Ces mesures supposent de remettre en cause l’ouverture à la concurrence dans les transports et l’énergie qui a conduit à une véritable anarchie marchande au détriment de toute vision de long terme.

3. Structures d'élaboration

La planification écologique envisagée par la présente proposition de loi s’appuie notamment sur les structures suivantes.

Une nouvelle structure remplaçant le Centre d'analyse stratégique [actuelle France Stratégie - NdA] est chargée d’élaborer la synthèse nationale des consultations décentralisées sous la forme d’un plan écologique, indicatif et incitatif.
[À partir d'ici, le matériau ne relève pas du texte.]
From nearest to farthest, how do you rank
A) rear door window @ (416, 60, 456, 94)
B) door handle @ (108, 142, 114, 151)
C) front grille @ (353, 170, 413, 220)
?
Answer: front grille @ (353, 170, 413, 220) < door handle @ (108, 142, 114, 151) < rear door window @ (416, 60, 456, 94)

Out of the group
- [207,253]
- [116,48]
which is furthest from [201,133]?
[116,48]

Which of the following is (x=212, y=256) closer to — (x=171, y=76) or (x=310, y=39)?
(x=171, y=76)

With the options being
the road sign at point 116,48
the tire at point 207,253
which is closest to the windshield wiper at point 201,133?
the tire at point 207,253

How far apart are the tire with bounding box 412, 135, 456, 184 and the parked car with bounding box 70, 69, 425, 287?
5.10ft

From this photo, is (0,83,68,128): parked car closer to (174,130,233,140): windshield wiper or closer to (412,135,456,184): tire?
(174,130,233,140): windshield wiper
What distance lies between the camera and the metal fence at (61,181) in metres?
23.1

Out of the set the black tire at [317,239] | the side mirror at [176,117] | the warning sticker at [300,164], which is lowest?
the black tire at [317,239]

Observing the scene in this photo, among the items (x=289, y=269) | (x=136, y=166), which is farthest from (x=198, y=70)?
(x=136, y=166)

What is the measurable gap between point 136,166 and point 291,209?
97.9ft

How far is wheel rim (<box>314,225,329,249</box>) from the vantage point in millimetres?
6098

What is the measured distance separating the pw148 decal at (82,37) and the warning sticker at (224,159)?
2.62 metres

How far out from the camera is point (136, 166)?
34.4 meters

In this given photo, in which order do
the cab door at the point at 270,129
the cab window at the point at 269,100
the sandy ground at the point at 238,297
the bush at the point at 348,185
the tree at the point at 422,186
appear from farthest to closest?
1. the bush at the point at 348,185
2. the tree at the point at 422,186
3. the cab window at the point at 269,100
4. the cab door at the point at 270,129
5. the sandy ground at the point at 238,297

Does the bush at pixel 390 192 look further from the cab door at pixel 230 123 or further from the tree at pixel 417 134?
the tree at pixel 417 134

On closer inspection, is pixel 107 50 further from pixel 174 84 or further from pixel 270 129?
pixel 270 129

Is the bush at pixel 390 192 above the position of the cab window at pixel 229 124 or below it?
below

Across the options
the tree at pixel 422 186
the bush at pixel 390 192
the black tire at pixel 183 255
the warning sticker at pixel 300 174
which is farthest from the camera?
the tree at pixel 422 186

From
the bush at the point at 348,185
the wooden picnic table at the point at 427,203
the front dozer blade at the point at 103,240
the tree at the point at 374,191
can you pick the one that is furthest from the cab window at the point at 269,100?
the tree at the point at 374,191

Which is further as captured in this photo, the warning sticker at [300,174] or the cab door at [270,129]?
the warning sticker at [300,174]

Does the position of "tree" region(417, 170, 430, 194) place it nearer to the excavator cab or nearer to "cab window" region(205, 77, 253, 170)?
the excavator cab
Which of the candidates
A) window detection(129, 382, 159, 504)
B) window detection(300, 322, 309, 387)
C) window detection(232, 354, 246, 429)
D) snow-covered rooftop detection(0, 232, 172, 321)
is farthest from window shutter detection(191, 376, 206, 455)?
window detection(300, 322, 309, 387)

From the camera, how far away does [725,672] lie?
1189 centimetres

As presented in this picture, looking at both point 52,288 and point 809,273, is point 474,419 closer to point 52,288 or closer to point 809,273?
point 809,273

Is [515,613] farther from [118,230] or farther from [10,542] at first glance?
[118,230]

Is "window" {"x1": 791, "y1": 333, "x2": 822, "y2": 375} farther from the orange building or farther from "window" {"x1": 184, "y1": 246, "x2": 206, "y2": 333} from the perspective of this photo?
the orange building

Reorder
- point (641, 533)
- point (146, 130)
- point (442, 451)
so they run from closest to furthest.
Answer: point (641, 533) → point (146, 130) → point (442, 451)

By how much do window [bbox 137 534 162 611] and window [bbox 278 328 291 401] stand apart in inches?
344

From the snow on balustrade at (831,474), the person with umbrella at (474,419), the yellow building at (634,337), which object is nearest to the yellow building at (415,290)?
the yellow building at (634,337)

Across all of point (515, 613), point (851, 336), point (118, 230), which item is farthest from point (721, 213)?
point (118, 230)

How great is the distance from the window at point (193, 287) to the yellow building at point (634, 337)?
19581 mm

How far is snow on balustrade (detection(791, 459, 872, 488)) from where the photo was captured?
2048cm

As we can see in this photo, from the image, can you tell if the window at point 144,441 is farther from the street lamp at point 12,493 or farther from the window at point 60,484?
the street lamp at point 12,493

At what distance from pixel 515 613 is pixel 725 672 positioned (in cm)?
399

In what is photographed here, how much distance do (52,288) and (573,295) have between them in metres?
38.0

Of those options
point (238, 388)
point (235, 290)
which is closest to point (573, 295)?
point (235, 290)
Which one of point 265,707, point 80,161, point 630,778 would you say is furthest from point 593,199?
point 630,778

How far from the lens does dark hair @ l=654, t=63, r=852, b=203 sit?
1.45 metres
Une nouvelle structure remplaçant la délégation interministérielle à l’aménagement et à la compétitivité des territoires [actuelle DATAR – NdA] est chargée de coordonner entre les différents acteurs publics et privés la mise en œuvre des priorités et des axes définis. Elle fait l’interface entre les politiques européennes, les politiques nationales et les actions locales. Elle pilote et coordonne l’attribution des crédits.

La Commission nationale du débat public est chargée de l’organisation et de la supervision des débats aux échelons territoriaux. Les conférences de participation populaire se réunissent par commune ou par regroupements de communes selon une logique de vie territoriale. Elles se réunissent ensuite au niveau départemental ou régional.